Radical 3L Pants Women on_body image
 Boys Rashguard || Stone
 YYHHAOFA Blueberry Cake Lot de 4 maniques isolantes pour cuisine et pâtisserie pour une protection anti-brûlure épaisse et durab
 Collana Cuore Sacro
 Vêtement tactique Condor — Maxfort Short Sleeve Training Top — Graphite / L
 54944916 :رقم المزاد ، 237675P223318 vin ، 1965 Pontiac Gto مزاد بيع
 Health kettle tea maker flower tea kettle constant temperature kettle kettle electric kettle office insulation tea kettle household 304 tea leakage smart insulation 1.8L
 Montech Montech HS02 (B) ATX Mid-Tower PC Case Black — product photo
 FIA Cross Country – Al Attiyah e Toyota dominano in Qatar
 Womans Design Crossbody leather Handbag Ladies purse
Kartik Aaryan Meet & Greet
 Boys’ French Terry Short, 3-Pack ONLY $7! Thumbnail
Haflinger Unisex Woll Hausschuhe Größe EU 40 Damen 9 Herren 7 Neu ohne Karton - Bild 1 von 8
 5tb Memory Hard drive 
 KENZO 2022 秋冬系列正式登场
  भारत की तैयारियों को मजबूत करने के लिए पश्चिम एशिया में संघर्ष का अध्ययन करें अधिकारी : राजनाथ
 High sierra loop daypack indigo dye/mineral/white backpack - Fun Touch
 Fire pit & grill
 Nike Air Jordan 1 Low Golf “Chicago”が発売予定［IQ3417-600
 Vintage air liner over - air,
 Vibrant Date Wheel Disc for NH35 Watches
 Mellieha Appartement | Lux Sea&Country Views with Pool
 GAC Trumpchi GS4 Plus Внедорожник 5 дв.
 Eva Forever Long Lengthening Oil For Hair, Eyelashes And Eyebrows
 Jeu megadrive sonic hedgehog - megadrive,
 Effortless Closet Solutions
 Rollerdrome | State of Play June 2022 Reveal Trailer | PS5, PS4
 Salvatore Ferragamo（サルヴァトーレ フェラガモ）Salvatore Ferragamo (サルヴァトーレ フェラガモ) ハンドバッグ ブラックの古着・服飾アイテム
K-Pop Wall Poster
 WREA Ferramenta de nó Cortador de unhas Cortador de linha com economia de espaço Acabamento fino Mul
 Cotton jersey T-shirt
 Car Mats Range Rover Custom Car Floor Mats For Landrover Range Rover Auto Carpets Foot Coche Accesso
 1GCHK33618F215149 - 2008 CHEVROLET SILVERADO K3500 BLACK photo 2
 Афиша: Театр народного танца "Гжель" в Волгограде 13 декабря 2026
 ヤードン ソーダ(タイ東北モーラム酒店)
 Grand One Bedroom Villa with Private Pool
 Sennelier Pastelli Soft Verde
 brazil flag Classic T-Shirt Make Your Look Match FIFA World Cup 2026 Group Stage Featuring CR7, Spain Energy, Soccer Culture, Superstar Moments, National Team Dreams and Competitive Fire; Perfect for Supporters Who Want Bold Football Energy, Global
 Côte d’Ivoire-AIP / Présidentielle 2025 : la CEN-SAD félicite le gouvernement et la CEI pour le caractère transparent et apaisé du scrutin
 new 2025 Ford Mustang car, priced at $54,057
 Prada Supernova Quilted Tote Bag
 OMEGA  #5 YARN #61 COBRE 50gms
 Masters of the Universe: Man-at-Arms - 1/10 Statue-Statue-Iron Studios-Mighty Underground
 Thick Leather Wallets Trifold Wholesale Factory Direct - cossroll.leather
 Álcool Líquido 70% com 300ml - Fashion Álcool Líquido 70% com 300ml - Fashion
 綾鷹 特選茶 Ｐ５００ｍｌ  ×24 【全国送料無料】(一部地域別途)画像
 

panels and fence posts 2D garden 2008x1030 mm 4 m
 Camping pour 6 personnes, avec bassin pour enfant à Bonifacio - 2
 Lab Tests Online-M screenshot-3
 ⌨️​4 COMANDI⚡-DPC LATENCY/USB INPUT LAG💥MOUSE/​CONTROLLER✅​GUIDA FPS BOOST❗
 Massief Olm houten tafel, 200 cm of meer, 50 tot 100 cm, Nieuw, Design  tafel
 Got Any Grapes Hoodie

_Task directions_.
Since only part of the listing is wanted, copy exactly the lines from the one holding "Афиша: Театр народного" to the one holding "Thick Leather Wallets", both included.

_Answer to this task_.
 Афиша: Театр народного танца "Гжель" в Волгограде 13 декабря 2026
 ヤードン ソーダ(タイ東北モーラム酒店)
 Grand One Bedroom Villa with Private Pool
 Sennelier Pastelli Soft Verde
 brazil flag Classic T-Shirt Make Your Look Match FIFA World Cup 2026 Group Stage Featuring CR7, Spain Energy, Soccer Culture, Superstar Moments, National Team Dreams and Competitive Fire; Perfect for Supporters Who Want Bold Football Energy, Global
 Côte d’Ivoire-AIP / Présidentielle 2025 : la CEN-SAD félicite le gouvernement et la CEI pour le caractère transparent et apaisé du scrutin
 new 2025 Ford Mustang car, priced at $54,057
 Prada Supernova Quilted Tote Bag
 OMEGA  #5 YARN #61 COBRE 50gms
 Masters of the Universe: Man-at-Arms - 1/10 Statue-Statue-Iron Studios-Mighty Underground
 Thick Leather Wallets Trifold Wholesale Factory Direct - cossroll.leather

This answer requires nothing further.